* [Exercise directions] Transcribe the records below exactly as written, from the opening line through the line that contains "Bérets Blue Star".

* [Data entries]

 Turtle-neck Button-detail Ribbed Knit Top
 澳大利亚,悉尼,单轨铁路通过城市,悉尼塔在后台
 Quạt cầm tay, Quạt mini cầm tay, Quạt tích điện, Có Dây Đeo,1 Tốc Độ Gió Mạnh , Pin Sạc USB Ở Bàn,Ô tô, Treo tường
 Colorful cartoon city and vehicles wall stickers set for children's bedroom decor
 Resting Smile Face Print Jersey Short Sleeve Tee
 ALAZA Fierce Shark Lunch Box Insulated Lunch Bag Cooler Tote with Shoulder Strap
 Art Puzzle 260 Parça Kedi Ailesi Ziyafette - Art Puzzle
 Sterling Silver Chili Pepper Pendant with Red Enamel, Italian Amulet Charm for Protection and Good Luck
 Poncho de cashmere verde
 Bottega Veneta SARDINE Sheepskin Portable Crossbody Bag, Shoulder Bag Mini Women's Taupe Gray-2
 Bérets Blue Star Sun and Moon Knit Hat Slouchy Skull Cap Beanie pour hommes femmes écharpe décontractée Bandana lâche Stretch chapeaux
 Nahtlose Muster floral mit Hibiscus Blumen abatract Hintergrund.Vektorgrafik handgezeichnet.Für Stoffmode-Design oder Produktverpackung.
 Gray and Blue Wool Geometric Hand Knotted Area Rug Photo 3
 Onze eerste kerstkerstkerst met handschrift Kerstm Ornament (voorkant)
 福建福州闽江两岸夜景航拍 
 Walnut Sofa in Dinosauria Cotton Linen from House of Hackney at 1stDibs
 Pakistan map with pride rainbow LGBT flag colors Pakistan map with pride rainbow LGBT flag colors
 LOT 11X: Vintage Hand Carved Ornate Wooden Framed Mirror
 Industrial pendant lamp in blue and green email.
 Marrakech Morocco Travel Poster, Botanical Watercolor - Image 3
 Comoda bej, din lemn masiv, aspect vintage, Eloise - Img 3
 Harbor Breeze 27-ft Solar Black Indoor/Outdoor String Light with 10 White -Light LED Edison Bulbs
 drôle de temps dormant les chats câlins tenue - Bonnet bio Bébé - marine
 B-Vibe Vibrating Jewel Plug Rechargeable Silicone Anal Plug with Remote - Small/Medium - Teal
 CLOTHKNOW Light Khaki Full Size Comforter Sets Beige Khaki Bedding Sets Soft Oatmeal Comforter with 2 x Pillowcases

* [Solution]
 Turtle-neck Button-detail Ribbed Knit Top
 澳大利亚,悉尼,单轨铁路通过城市,悉尼塔在后台
 Quạt cầm tay, Quạt mini cầm tay, Quạt tích điện, Có Dây Đeo,1 Tốc Độ Gió Mạnh , Pin Sạc USB Ở Bàn,Ô tô, Treo tường
 Colorful cartoon city and vehicles wall stickers set for children's bedroom decor
 Resting Smile Face Print Jersey Short Sleeve Tee
 ALAZA Fierce Shark Lunch Box Insulated Lunch Bag Cooler Tote with Shoulder Strap
 Art Puzzle 260 Parça Kedi Ailesi Ziyafette - Art Puzzle
 Sterling Silver Chili Pepper Pendant with Red Enamel, Italian Amulet Charm for Protection and Good Luck
 Poncho de cashmere verde
 Bottega Veneta SARDINE Sheepskin Portable Crossbody Bag, Shoulder Bag Mini Women's Taupe Gray-2
 Bérets Blue Star Sun and Moon Knit Hat Slouchy Skull Cap Beanie pour hommes femmes écharpe décontractée Bandana lâche Stretch chapeaux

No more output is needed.